#### [Task goal]
Pick out and copy every line below that has the word "Photo".
___ Records provided
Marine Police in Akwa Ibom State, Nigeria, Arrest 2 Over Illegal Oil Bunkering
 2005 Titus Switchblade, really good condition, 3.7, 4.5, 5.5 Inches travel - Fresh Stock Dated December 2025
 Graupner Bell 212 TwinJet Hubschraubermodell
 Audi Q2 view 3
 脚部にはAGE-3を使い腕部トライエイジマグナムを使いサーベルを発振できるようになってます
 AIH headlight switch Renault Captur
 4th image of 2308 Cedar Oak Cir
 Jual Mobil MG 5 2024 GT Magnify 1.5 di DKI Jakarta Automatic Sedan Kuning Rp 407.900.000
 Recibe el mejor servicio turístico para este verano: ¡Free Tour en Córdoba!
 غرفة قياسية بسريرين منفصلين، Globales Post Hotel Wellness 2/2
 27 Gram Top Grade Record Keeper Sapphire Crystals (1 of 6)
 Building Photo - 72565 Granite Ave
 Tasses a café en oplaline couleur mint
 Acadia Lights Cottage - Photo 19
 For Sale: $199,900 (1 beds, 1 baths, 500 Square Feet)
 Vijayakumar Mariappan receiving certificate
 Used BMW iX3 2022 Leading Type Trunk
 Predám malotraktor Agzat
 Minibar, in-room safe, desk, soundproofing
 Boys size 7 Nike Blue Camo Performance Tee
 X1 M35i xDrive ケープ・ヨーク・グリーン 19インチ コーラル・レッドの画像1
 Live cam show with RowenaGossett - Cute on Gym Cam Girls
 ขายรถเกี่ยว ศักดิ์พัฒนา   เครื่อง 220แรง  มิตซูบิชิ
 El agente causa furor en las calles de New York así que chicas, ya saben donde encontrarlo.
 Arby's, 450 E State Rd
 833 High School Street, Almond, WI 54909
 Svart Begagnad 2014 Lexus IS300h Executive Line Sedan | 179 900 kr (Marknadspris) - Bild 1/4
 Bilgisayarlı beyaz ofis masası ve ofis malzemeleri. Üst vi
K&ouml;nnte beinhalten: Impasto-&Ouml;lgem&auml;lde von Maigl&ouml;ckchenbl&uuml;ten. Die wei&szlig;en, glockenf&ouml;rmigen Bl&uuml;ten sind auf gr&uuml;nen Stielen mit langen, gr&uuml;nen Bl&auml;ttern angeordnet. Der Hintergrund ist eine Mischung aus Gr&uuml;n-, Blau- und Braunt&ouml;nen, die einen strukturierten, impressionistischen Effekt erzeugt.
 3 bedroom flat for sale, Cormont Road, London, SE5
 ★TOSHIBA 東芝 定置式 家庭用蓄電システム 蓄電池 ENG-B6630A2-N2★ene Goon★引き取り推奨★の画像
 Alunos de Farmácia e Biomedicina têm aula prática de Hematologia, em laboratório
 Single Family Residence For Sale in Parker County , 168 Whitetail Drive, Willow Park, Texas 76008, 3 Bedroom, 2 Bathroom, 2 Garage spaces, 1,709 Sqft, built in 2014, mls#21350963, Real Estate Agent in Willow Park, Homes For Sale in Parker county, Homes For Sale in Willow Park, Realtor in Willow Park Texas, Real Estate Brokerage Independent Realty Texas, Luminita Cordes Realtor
______
#### [Written answer]
 Building Photo - 72565 Granite Ave
 Acadia Lights Cottage - Photo 19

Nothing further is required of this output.